• [EXERCISE]
Beginning with the line that holds "Nồi Nấu Cháo", copy each line through the end of the material below, exactly and with no pictures.

• [PROVIDED DATA]
※ ※ ※

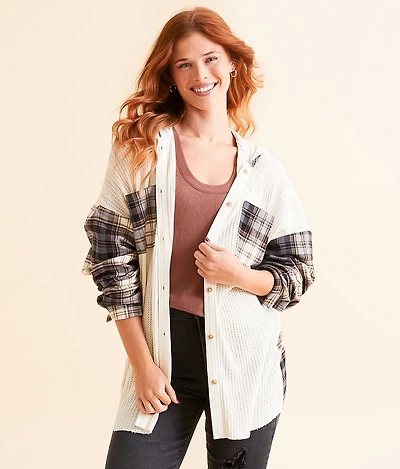 Pieced Plaid Hooded Shirt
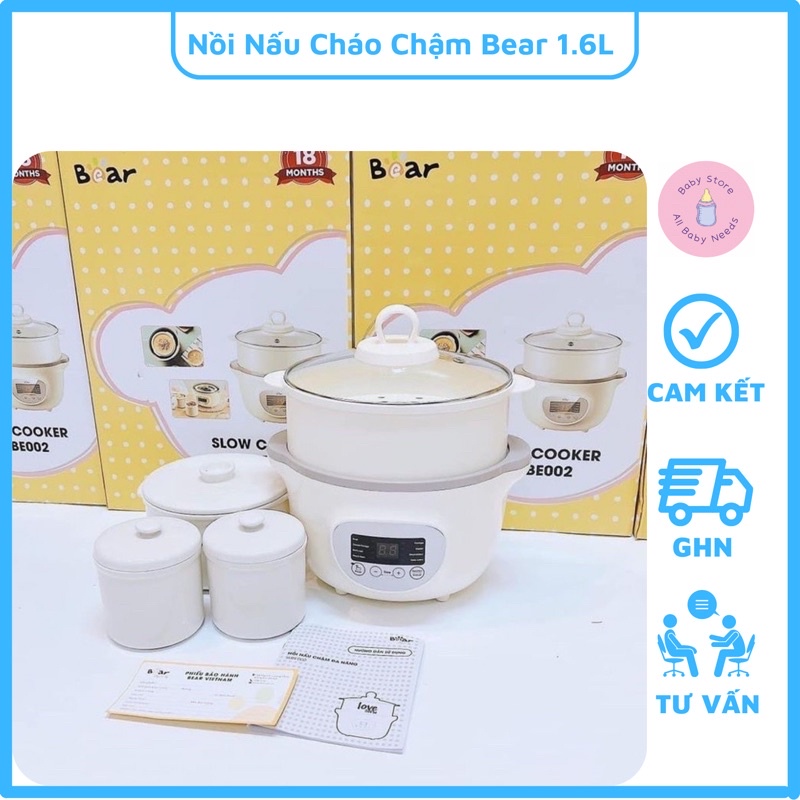 Nồi Nấu Cháo Cho Bé Bear Ninh Hầm Cách Thuỷ Kèm Lồng Hấp Bản Quốc Tré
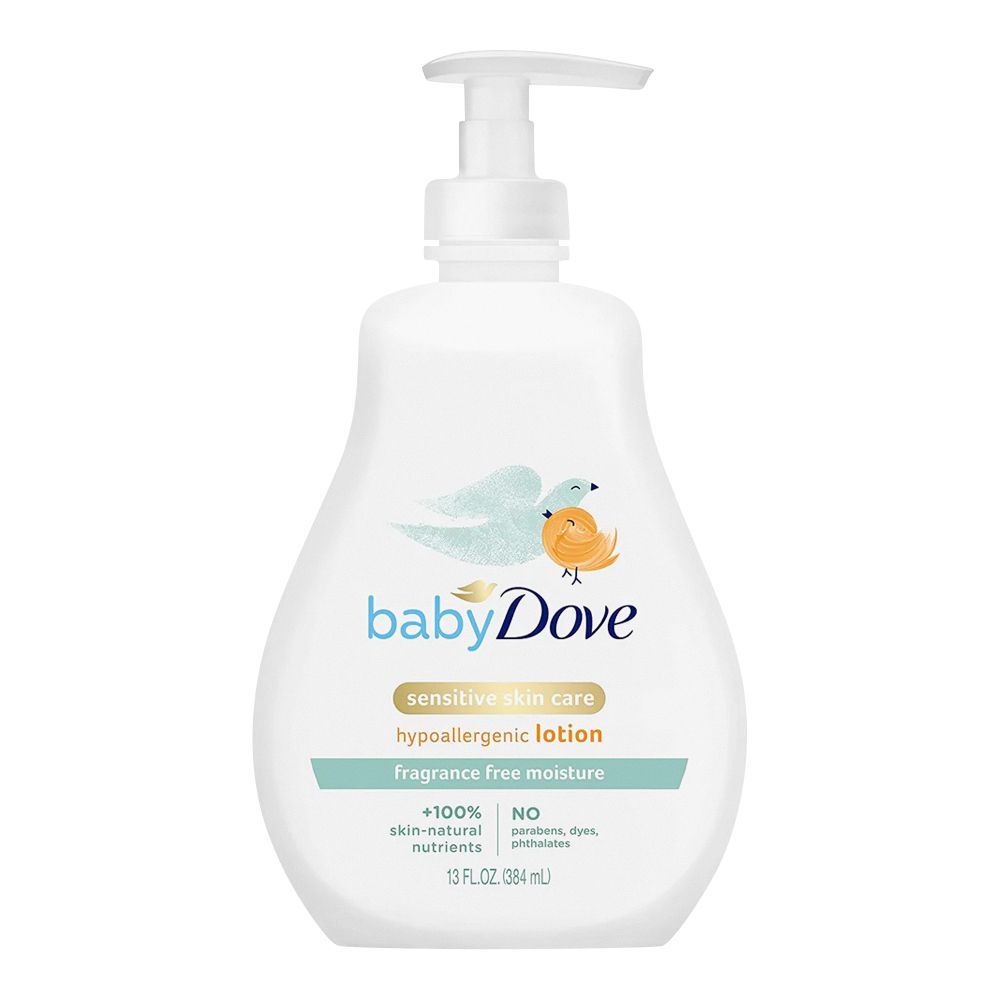 Dove Fragrance Free Moisture Sensitive Skin Hypoallergenic Baby Lotion, No Parabens, Cruelty Free, 384ml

※ ※ ※

• [RESPONSE FOR THIS EXERCISE]
 Nồi Nấu Cháo Cho Bé Bear Ninh Hầm Cách Thuỷ Kèm Lồng Hấp Bản Quốc Tré
 Dove Fragrance Free Moisture Sensitive Skin Hypoallergenic Baby Lotion, No Parabens, Cruelty Free, 384ml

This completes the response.